For some institutions, clinician executives are anything but novel. The Mayo Clinic, for example, boasts a 108-year tradition of physician leadership.
“I’m pleased to see the idea expanding,” says John Noseworthy, MD, president and CEO since 2009 of the Mayo Clinic in Rochester, Minnesota. “I suspect it means that these organizations are trying to find a way to provide more focus on the patients while keeping the tension between business and patients in balance,” he adds, noting that the Mayo model is one of dyad leadership, in which virtually every physician leader is paired with a nonclinical administrative partner.
A scientist at heart, Noseworthy aims to study any topic until he can communicate easily with the “true experts” on that topic, he says. “Once I do that, look out.
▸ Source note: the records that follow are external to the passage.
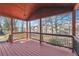 View from the porch showcasing the community, black railings and the home's stained wooden floor at 1180 Fleming St, Atlanta, GA 30080
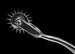 Metal prong tool on a black background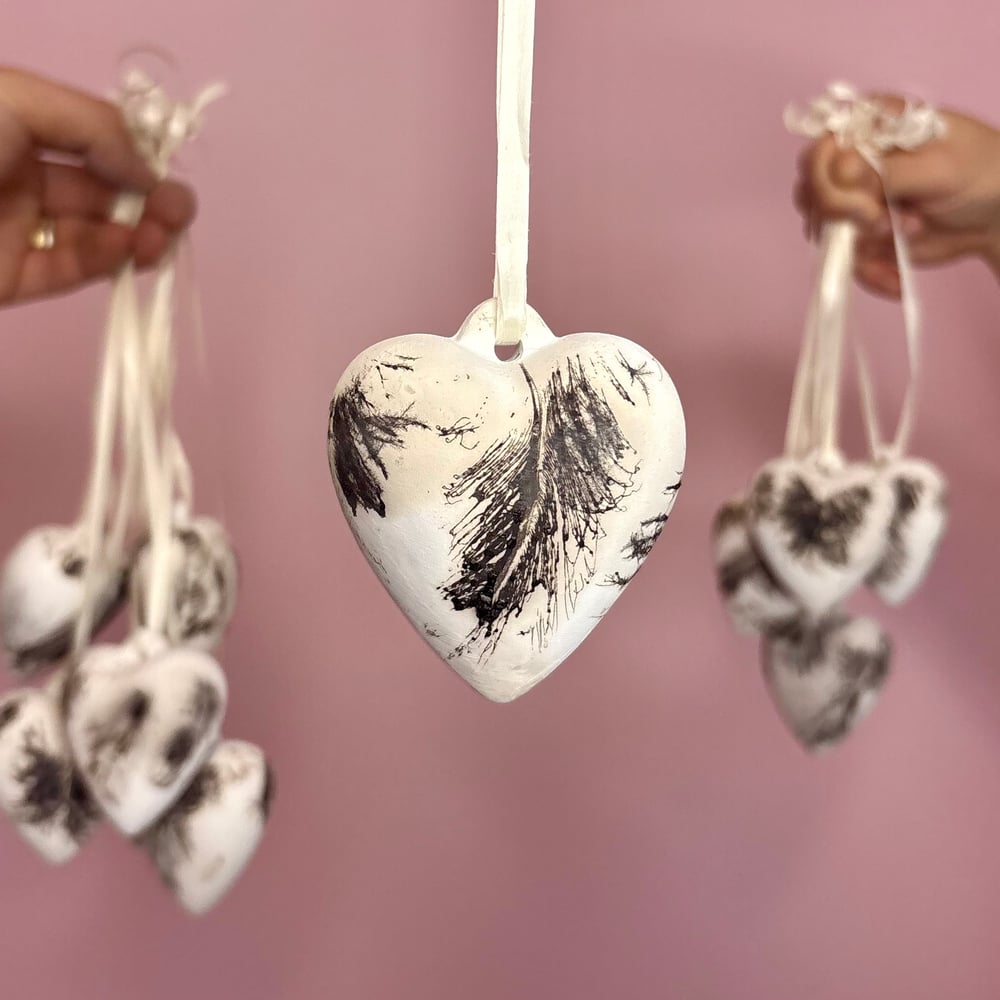 Image of Raku heart, random selection 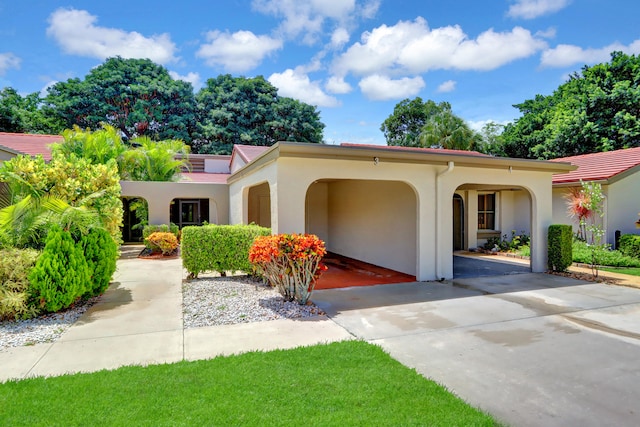 mediterranean / spanish house featuring concrete driveway and stucco siding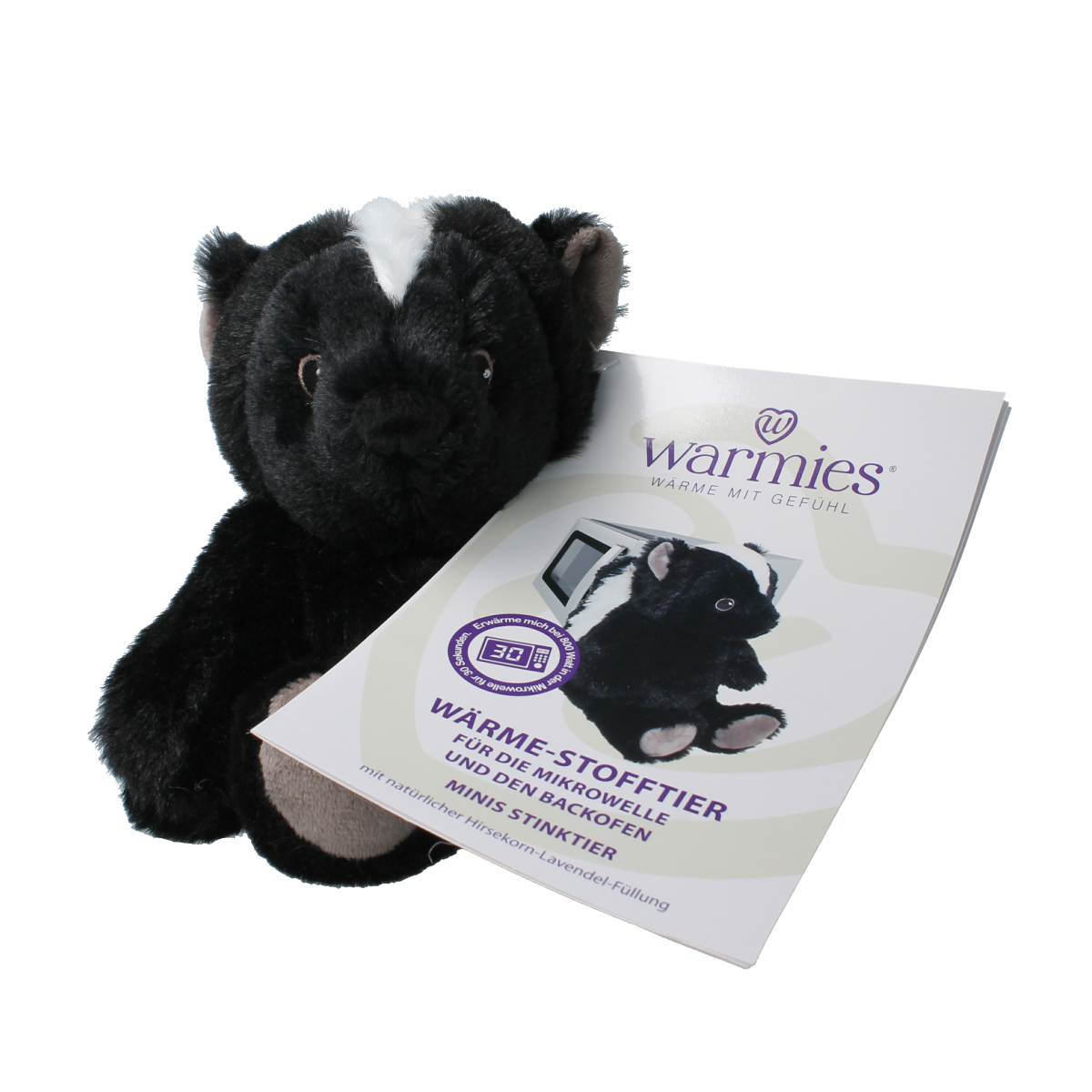 Warmies Stinkdier mini herbal heat pack in a small ceramic mug, featuring a playful cartoon character design.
I’m then the biggest champion of an empowered team, and I let that team run as fast and hard as it can go. Once the Mayo staff owns a solution, we are unstoppable,” he says.
Noseworthy came into his own leadership role by way of altering his original plans to become a neuroscientist and becoming a clinician-investigator instead. “This was plan B, and it not only suited me much better than plan A, but it helped me discover my gift for leadership, which is bringing really smart people together to accomplish what one could not do alone,” he says.
Link to quality
Many hospitals, as ranked annually by U.S. News & World Report (USNWR), are led by physicians. The publication’s 2016–17 Honor Roll was no exception, with physicians at the helm of the top five–ranking hospitals in the following order: Mayo Clinic, Cleveland Clinic, Massachusetts General Hospital, Johns Hopkins Hospital, and UCLA Medical Center.
What’s more, a 2011 study in Social Science & Medicine shows that hospital quality scores—now increasingly tied to reimbursement—are approximately 25% higher in physician-run hospitals than in manager-run hospitals.
In each of three specialty cases studied (cancer, digestive disorders, and heart and heart surgery), the mean Index of Hospital Quality score of hospitals where the CEO is a physician is greater than the mean score of the hospitals where the CEO is a professional manager. For example, the mean IHQ hospital-quality score of the cancer hospitals led by physicians is 31.63, while the mean quality score of cancer hospitals led by nonphysician managers is 23.61; for cancer, the mean of IHQ scores in the sample is 28.0.
Whether physician leadership boosts hospital performance or physician leaders are drawn to high-performing hospitals seems a circular argument, but the former explanation is plausible, says Noseworthy. “It wouldn’t surprise me at all if it’s true because of the way physicians are focused on service to the patient from the beginning of medical school. That’s not to say that administrators aren’t patient-focused, but that concern for patients is often why people become physicians and nurses.”
The paper’s authors also reached ambivalent conclusions. “The findings do not prove that doctors make more effective leaders than professional managers. Potentially, they may even reveal a form of the reverse—assortative matching—in that the top hospitals may be more likely to seek out MDs as leaders and vice versa,” writes Amanda H. Goodall, PhD. “Arguably, however, the better hospitals will have a wider pool of CEO candidates from which to choose, because of the extra status and wealth that they attract. This makes the fact established in this paper an interesting one. The study results show that hospitals positioned highest in the USNWR ranking have made judgments that differ from those hospitals lower down: On average they have chosen to hire physician-leaders as CEOs.”